### Task description
Output the full listing exactly as written, with no pictures in it.
** Stored data follows **
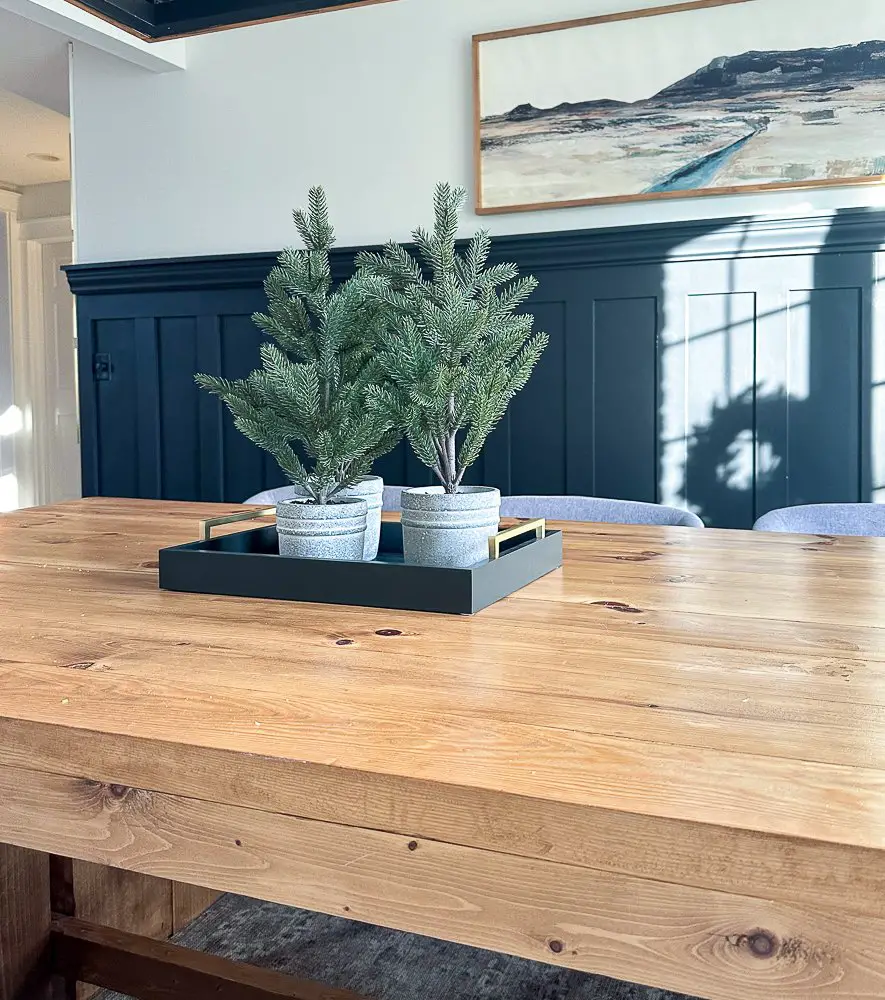 A dining table with 3 small Christmas trees on a tray in the center.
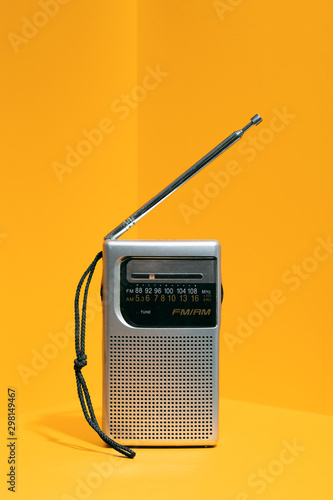 Retro Portable Radio On Yellow Background photo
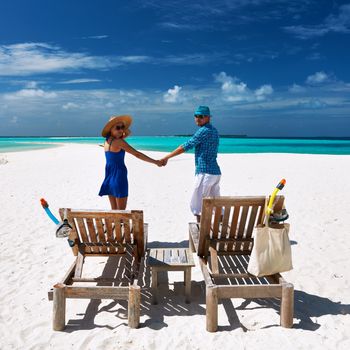 Couple in blue on a tropical beach at Maldives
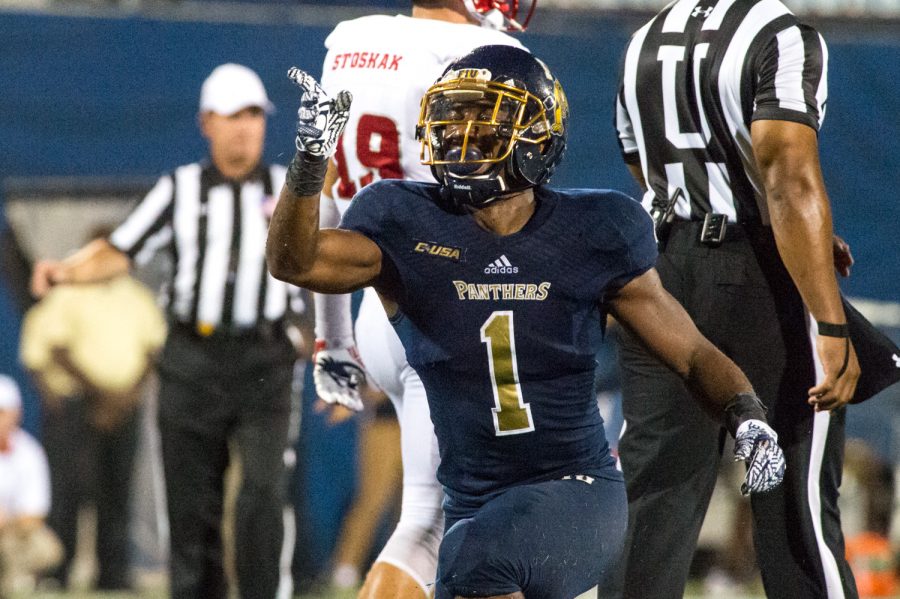 FIU junior running back Alex Gardner (1) points forward in celebration after picking up a first down late in the fourth quarter. Max Jackson | Staff Photographer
** End of Stored data **
### Written reply
 A dining table with 3 small Christmas trees on a tray in the center.
 Retro Portable Radio On Yellow Background photo
 Couple in blue on a tropical beach at Maldives
 FIU junior running back Alex Gardner (1) points forward in celebration after picking up a first down late in the fourth quarter. Max Jackson | Staff Photographer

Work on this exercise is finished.